Of 712 patients (median CD4 cell count, 94 cells/microl), 578 (81%) started triple ART a median of 29 days after enrollment. 68 (9.5%) patients died during 563 person-years of observation. The high pretreatment mortality rate of 35.6 deaths/100 person-years [95% confidence interval (CI), 23.0-55.1) decreased to 2.5/100 person-years (95% CI, 0.9-6.6) at 1 year among those who received ART. However, within the first 90 days from enrollment, 29 of 44 (66%) deaths occurred among patients awaiting ART; these would not be identified by an on-treatment analysis. Multivariate analysis showed that risk of death (both pre-treatment and on-treatment) was independently associated with baseline CD4 cell count and World Health Organization (WHO) clinical stage; stage 4 disease was the strongest risk factor. Major attributed causes of death were wasting syndrome, tuberculosis, acute bacterial infections, malignancy and immune reconstitution disease.

CONCLUSIONS

Most early in-programme deaths occurred among patients with advanced immunodeficiency but who had not yet started ART. Programme evaluation using on-treatment analyses greatly underestimated early mortality.

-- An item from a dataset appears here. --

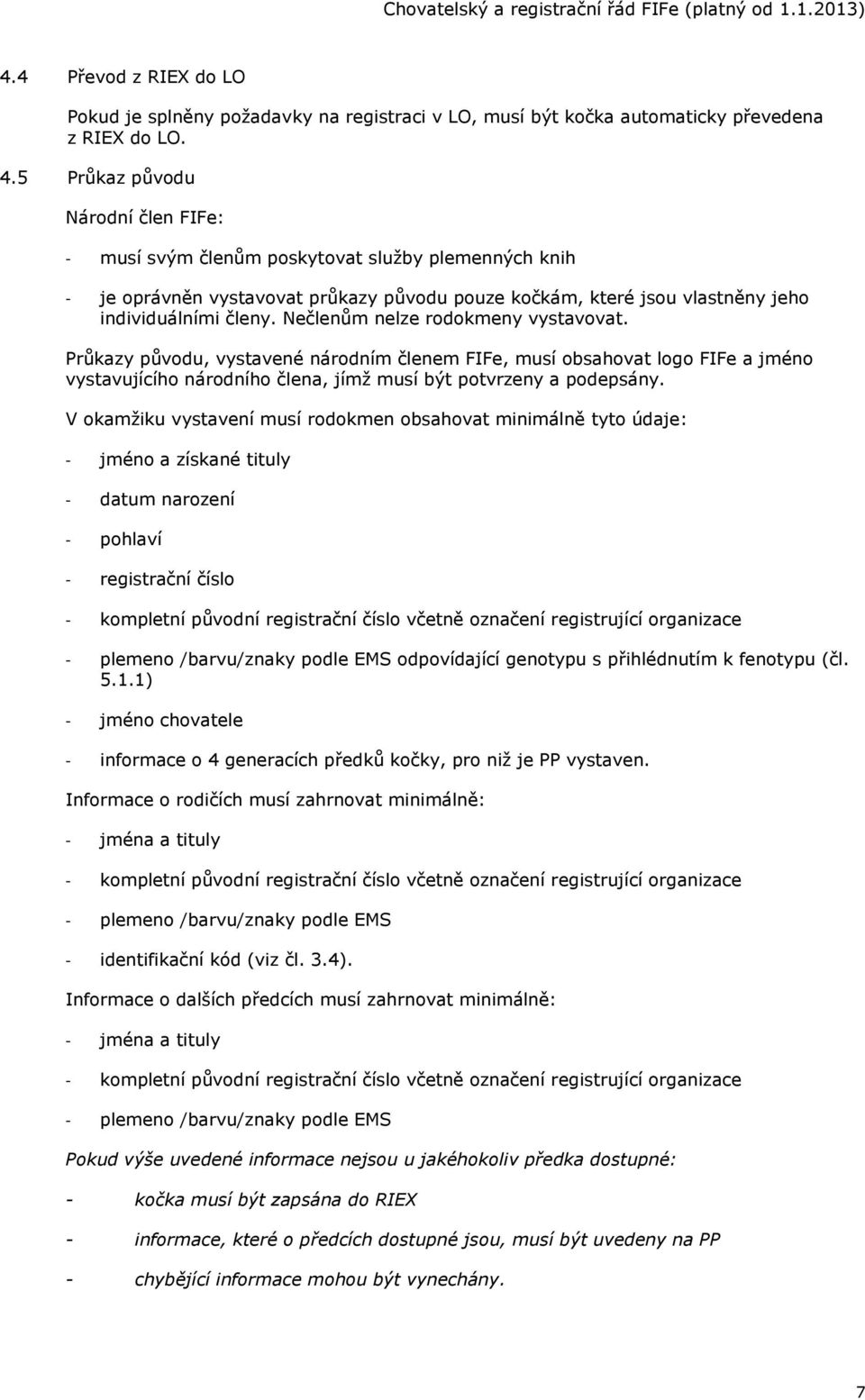 Nečlenům nelze rodokmeny vystavovat. Průkazy původu, vystavené národním členem FIFe, musí obsahovat logo FIFe a jméno vystavujícího národního člena, jímž musí být potvrzeny a podepsány.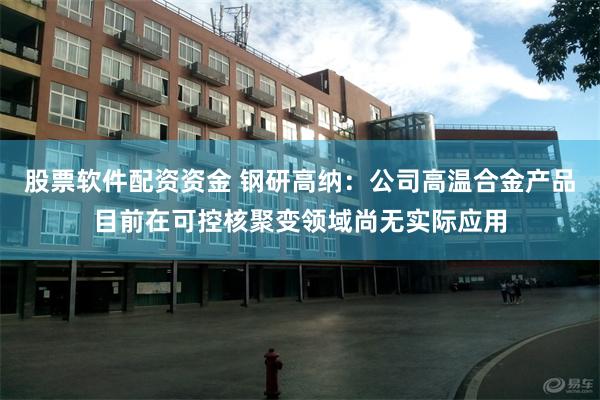 股票软件配资资金 钢研高纳:公司高温合金产品目前在可控核聚变领域尚无实际应用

This mortality would be reduced by minimizing unnecessary in-programme delays in treatment initiation and by starting ART before development of WHO stage 4 disease.

摘要

目的

确定接受社区抗逆转录病毒治疗(ART)项目的患者在治疗开始前和开始后的死亡率、危险因素及死亡原因。

方法

2002年9月至2005年3月期间,在南非开普敦纳入一个前瞻性社区ART队列的初治患者中,确定所有项目内死亡情况。

结果

712例患者(CD4细胞计数中位数为94个/微升)中,578例(81%)在入组后中位数29天开始三联ART治疗。在563人年的观察期内,68例(9.5%)患者死亡。治疗前高死亡率为35.6例/100人年[95%置信区间(CI),23.0 - 55.1],接受ART治疗的患者在1年时降至2.5例/100人年(95% CI,0.9 - 6.6)。然而,在入组后的前90天内,44例死亡患者中有29例(66%)发生在等待ART治疗的患者中;这些死亡情况无法通过治疗期分析识别。多变量分析显示,死亡风险(治疗前和治疗期)与基线CD4细胞计数和世界卫生组织(WHO)临床分期独立相关;4期疾病是最强的危险因素。主要归因死亡原因是消瘦综合征、结核病、急性细菌感染、恶性肿瘤和免疫重建疾病。

结论

项目早期的大多数死亡发生在免疫缺陷严重但尚未开始ART治疗的患者中。使用治疗期分析进行项目评估大大低估了早期死亡率。通过尽量减少项目内不必要的治疗启动延迟以及在WHO 4期疾病发生之前开始ART治疗,可降低这种死亡率。